The heat “creeps to you and starts strangling you,” he said. And because the tap water is often scorching hot, a shower may be “out of the question.”
“If you do get a shower, you will never get dry,” he continued. “The water on you will just turn to sweat. Some people wipe the tile floor with water to cool it down. But then the water would evaporate, turning the house into a sauna.”
I remember that heat, from the weeks I lived with little power after the American invasion – and that was only until May.
If you are a foreigner, you may also make the amateur mistake of leaving a window open, which only invites a hot wind, and if a sandstorm passes overnight, a coat of dust throughout the room.
But now, it has been more than a decade since foreign journalists established a beachhead here.
Publishers’ money has been spent on air-conditioners and, more crucially, generator subscriptions costly enough to power them even when the grid is down.
The ability to get cool on demand is a commodity – one I share only with the wealthiest or most powerful Iraqis.
(Even they can be listless by August. “The red-hot weather is prohibiting any sensible conversation,” typed Mouwaffak Rubaie, a member of Parliament, as we both kept putting off an interview about complex security matters. It was a text chat, but I could almost hear a sigh.)
I now wear the hijab or abaya only rarely.
Years ago, when foreigners were being hunted by kidnappers, I wore it to blend in (though I doubt anyone in Najaf that day mistook us — heading the wrong way, toward the battle — for normal Iraqis).
Now, with that threat greatly abated – knock on wood – I pin on a tight hijab only for religious settings, or places that are dangerous or uncharted.
But I keep my whole body loosely covered, and might drape a scarf over my head. As people in the region have always known, coverings trap cooling sweat, and slow dehydration, not to mention sunburn.
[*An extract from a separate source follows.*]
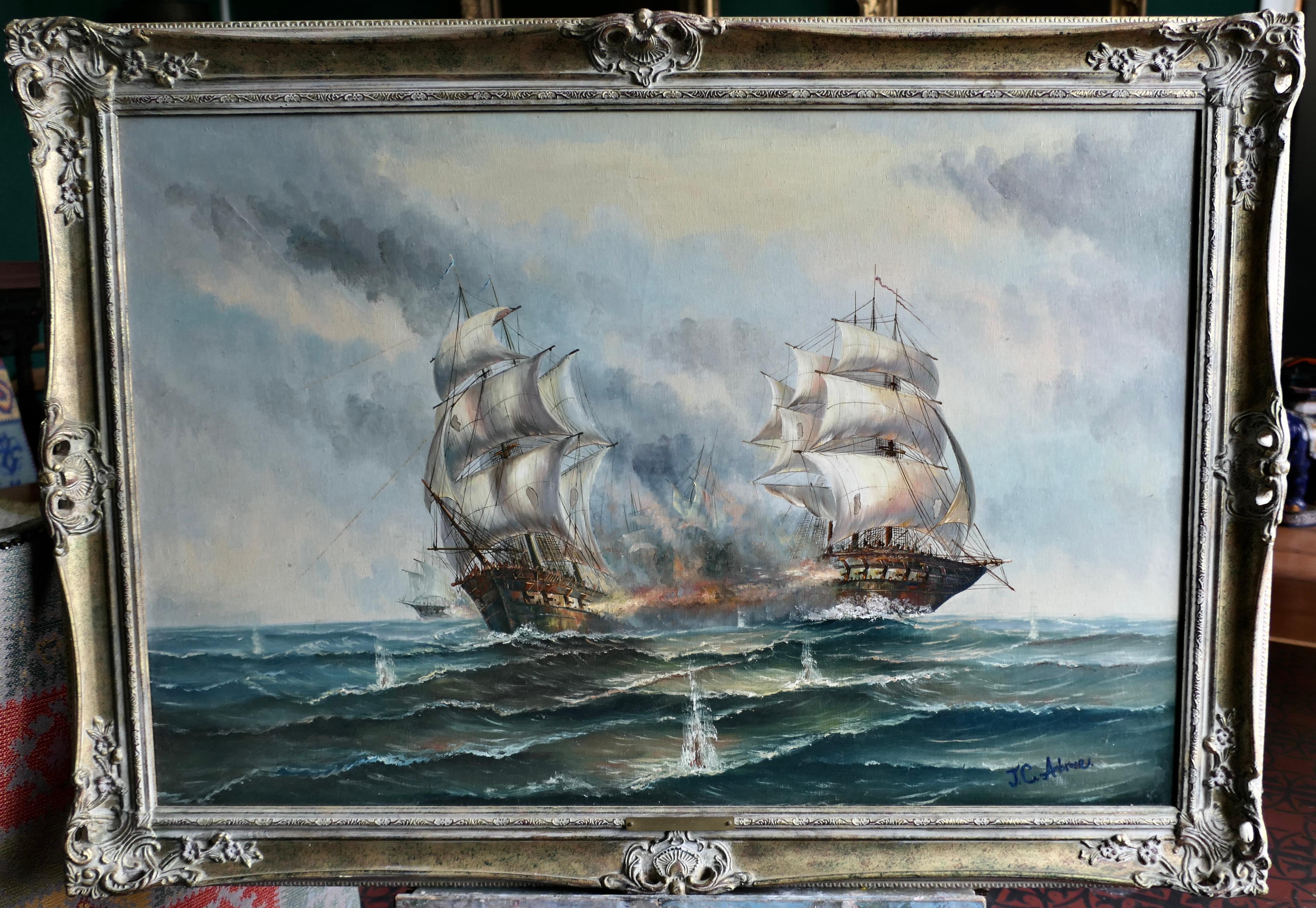 Oil on Canvas The Smoke 0f Battle signed J.C.Ambrose For Sale 1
I am lucky enough to retreat to a high-ceilinged room in an old Baghdadi villa, shared by several news organizations. The patterned tile floors are cool to the touch. Two large air-conditioners roar ferociously, bringing to our office the global, age-old struggle in which men turn them up too high.
So actually, I love the Baghdad evening, like a cozy bath.
When I mentioned that I was heading to write on the terrace, even my A.C.-happy colleague Omar Al-Jawoshy advised, “Yes – it’s lovely.”
And it is. The whitish glare of the sky has softened to a hazy blue.
The birds that come at sunset are lazily swooping around the bougainvillea. The air itself has the pleasant feel of a stone that radiates heat after the sun has faded. It is 115 degrees.
Note: Last week, Iran experienced an effective heat of 70 Celsius, not 50 or 60.